◆ Information supplied:
────────

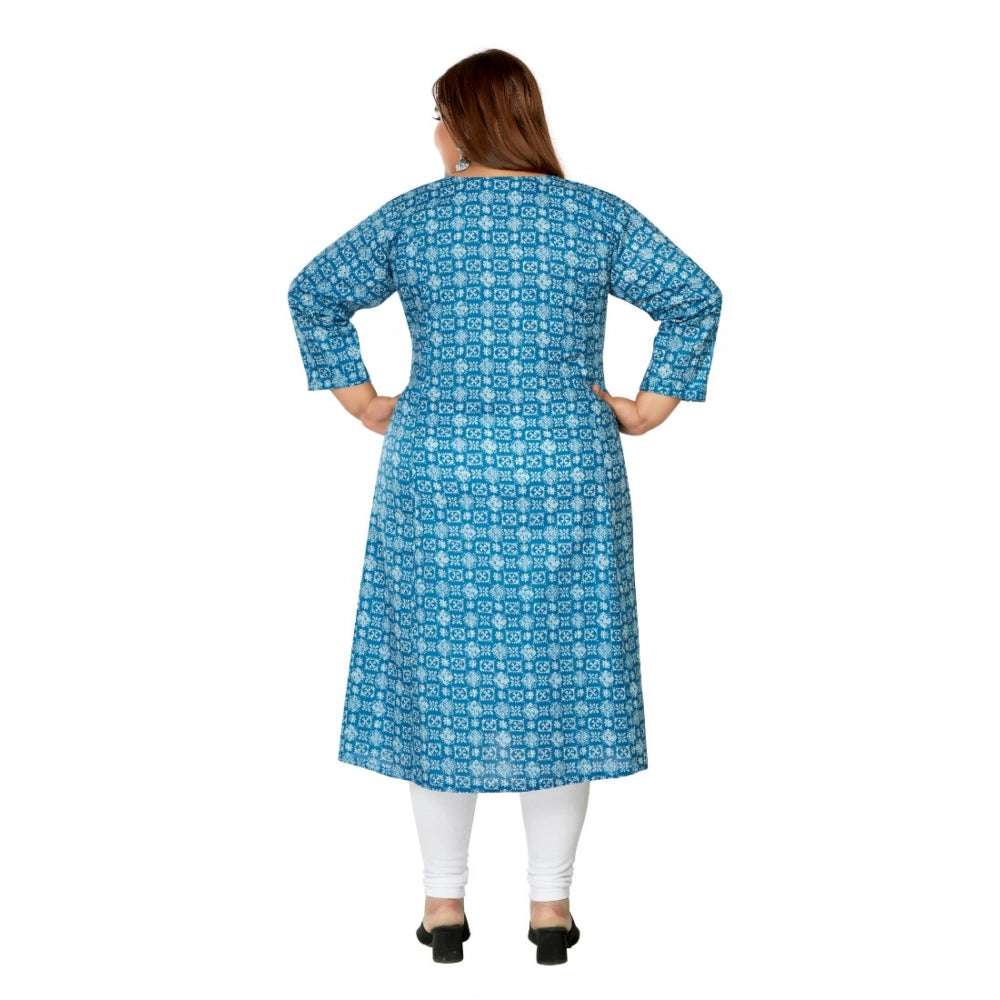 Generic Women's Casual 3/4th Sleeve Regular Printed Pure Cotton Prince Cut A-Line Kurti (Blue)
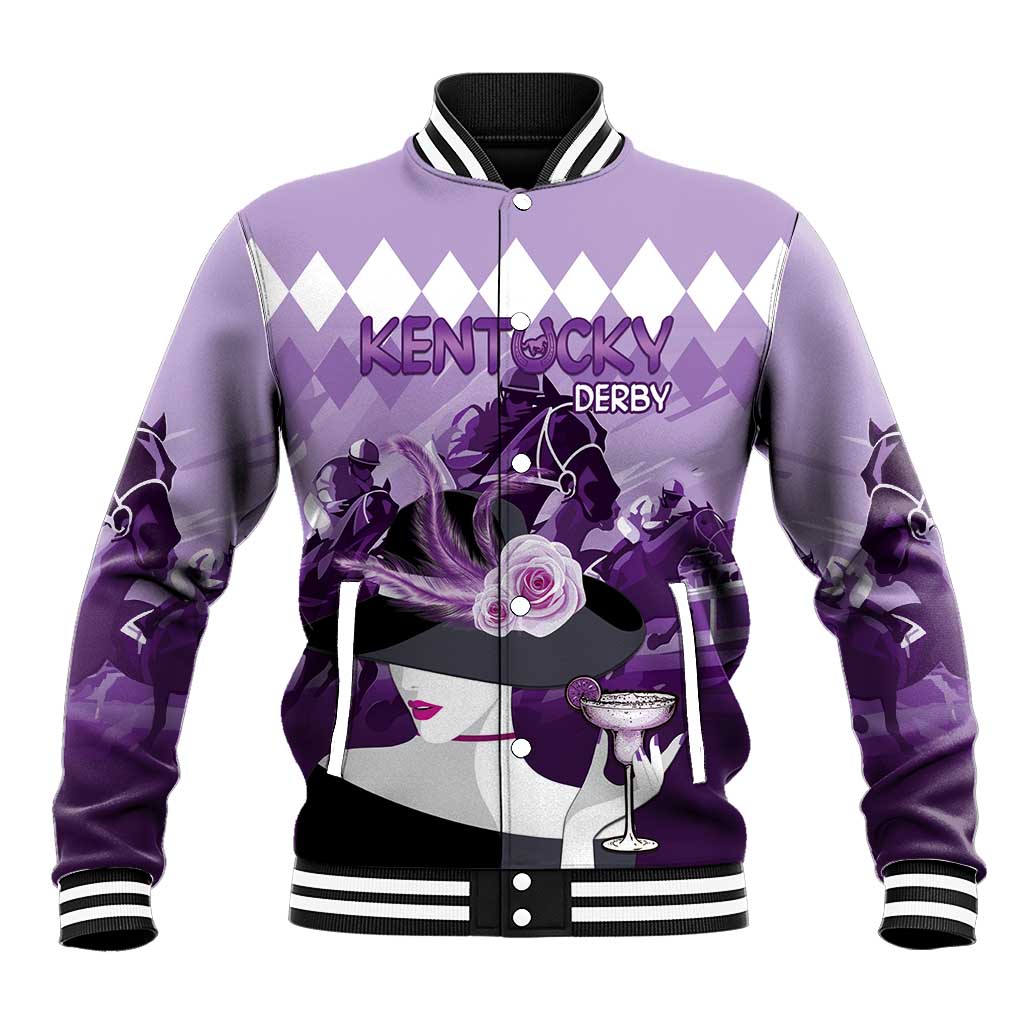 Purple baseball jacket with snap front, striped rib collar, and derby-themed horse graphic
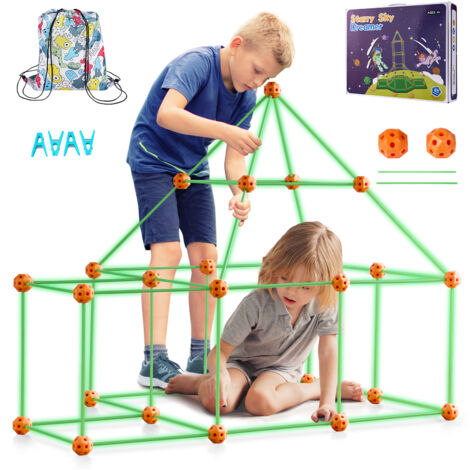 Mophorn Kit de construction de fort phosphorescent 85 pièces pour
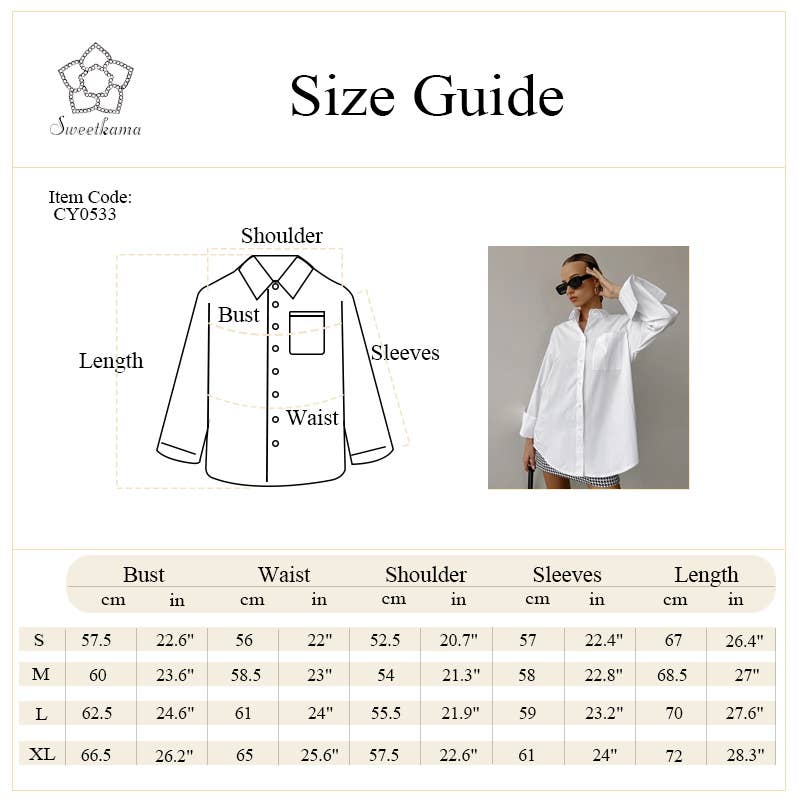 Size guide for White Lapel Collar Button Down Fit Daily Shirt with labeled diagram and size chart (S–XL) in cm/inches.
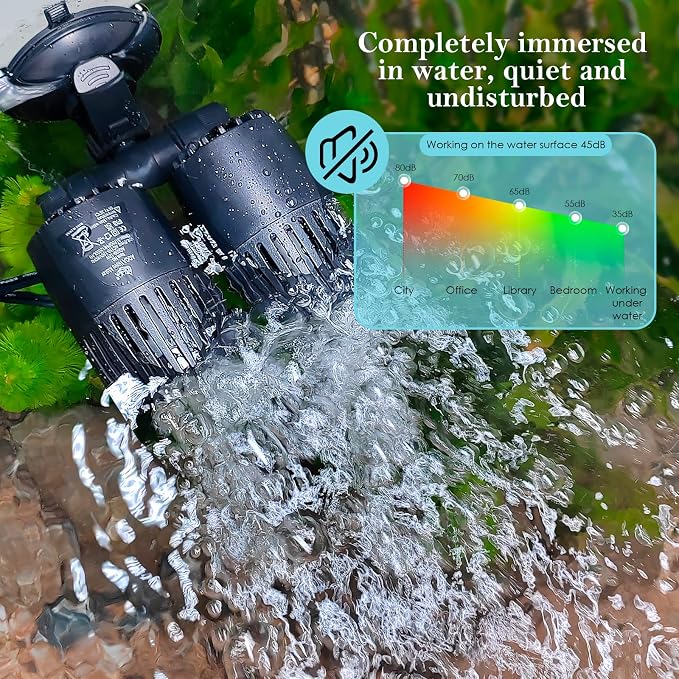 AQQA Dual Head Aquarium Wave Maker, 360° Adjustable Suction Cup Circulation Pump, Quiet Fish Tank Wavemaker, Strong Water Flow Oxygenation Pump for Saltwater Reef & Freshwater, 25W 6605GPH Black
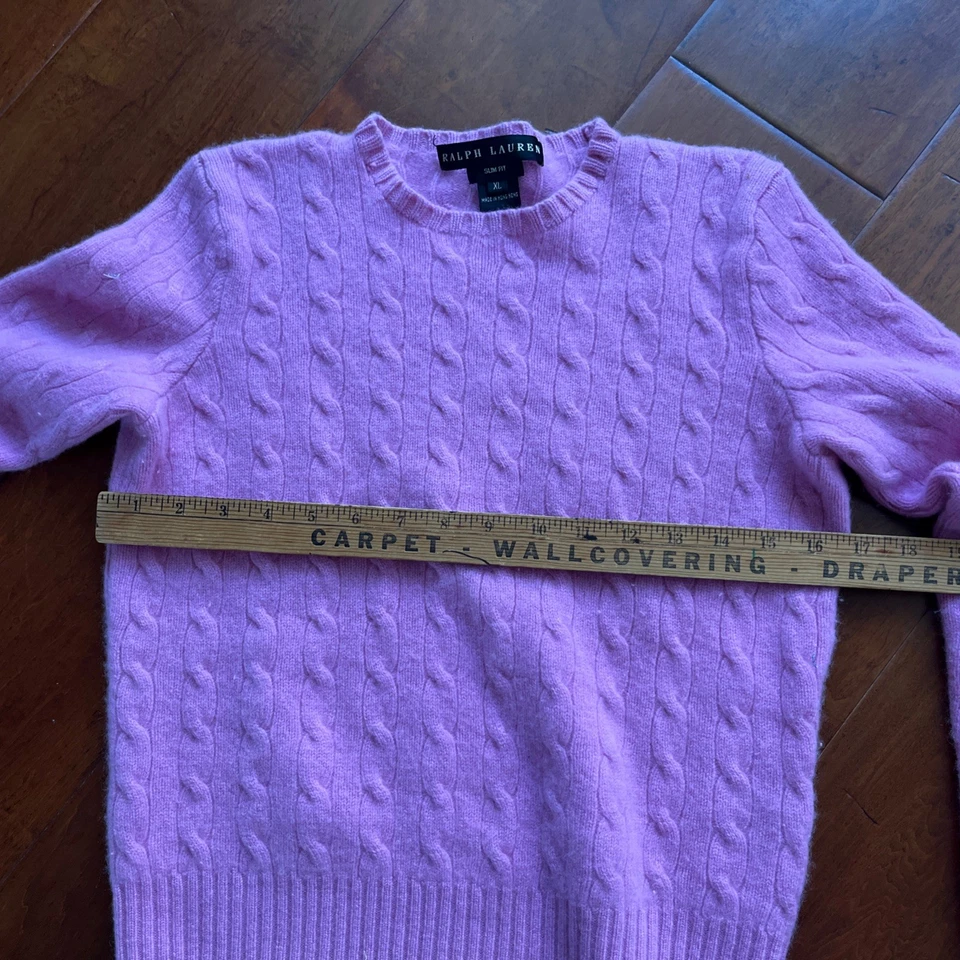 Suéter Polo Ralph Lauren Cachemira Tejido con Cable Mujer XL Calce Ajustado Negro Etiqueta L Foto 4 de 4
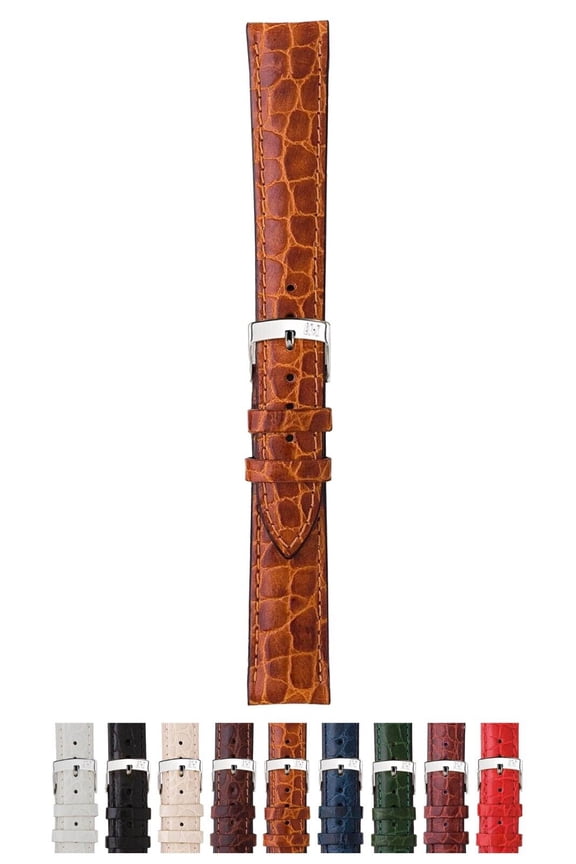 Liverpool Crocodile Grain Genuine Calf Leather Watch Strap - Light Brown - 16mm - Chrome-plated Stainless Steel Buckle - PERFORMANCE Collection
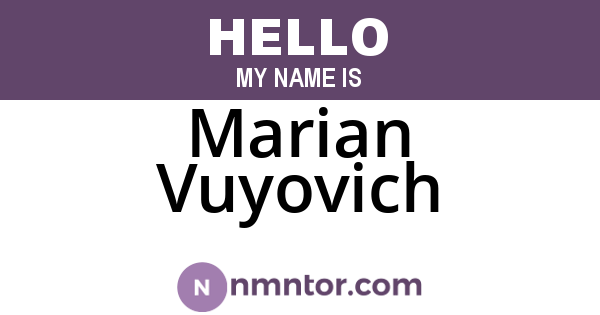Marian Vuyovich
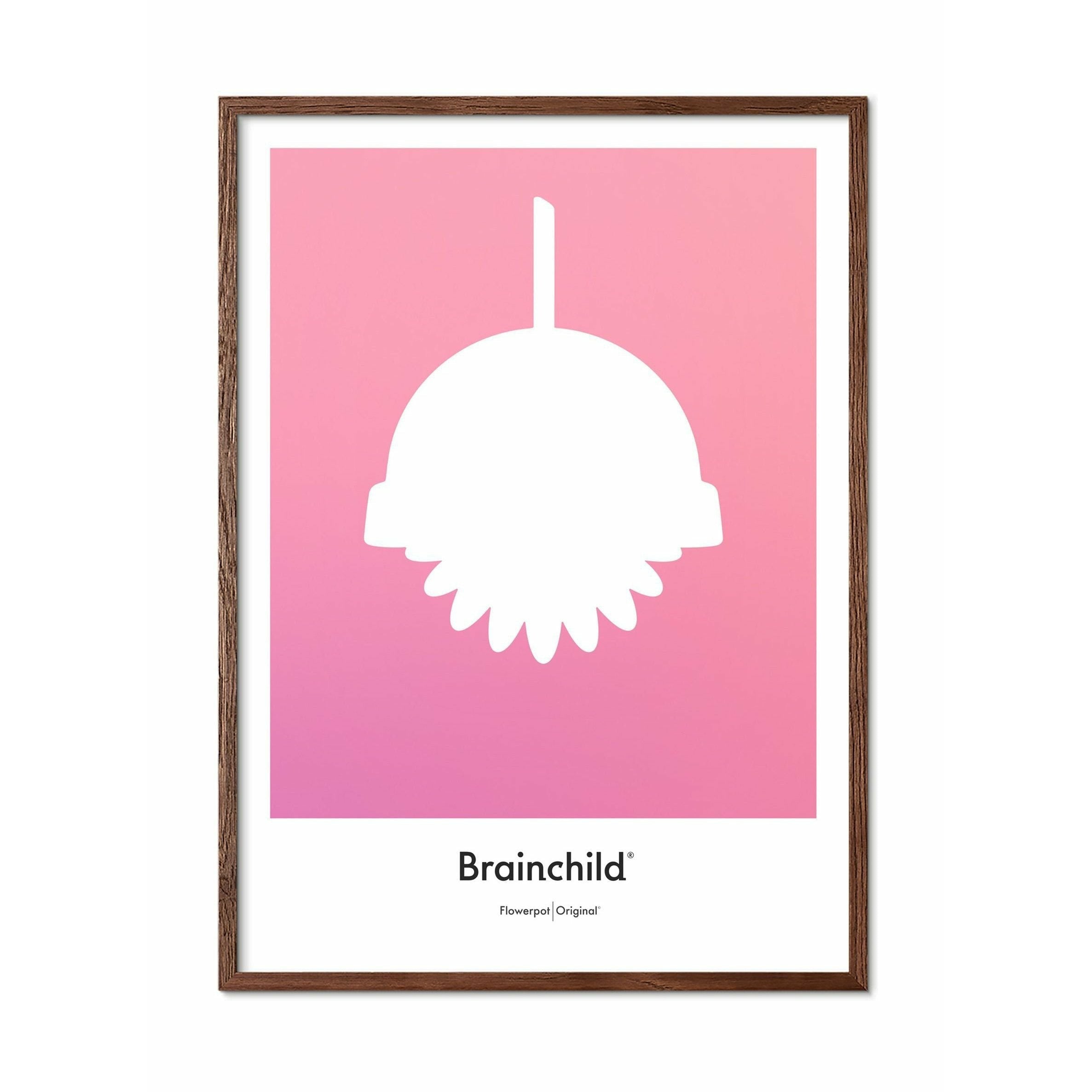 [product_category]-Brainchild Flowerpot Design Icon Poster, Frame Made Of Dark Wood 70 X100 Cm, Pink-Brainchild-IF-81004-B-BRA-1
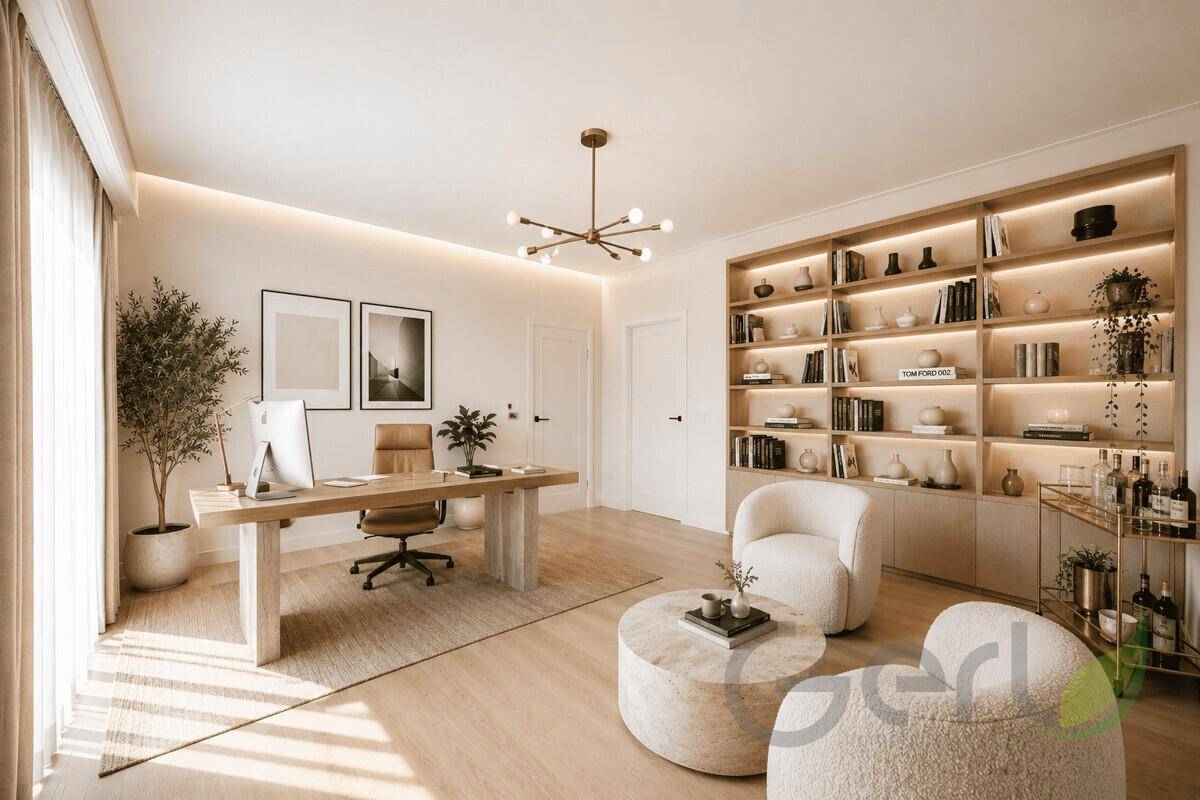 Helles und geräumiges Büro mit großem Schreibtisch, Bücherregal und viel Tageslicht.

────────

Retype, exactly and only, the lines from the one containing "[product_category]-Brainchild Flowerpot Design" through the end of the entries, both ends included, and omit all pictures.

◆ Exercise answer:
 [product_category]-Brainchild Flowerpot Design Icon Poster, Frame Made Of Dark Wood 70 X100 Cm, Pink-Brainchild-IF-81004-B-BRA-1
 Helles und geräumiges Büro mit großem Schreibtisch, Bücherregal und viel Tageslicht.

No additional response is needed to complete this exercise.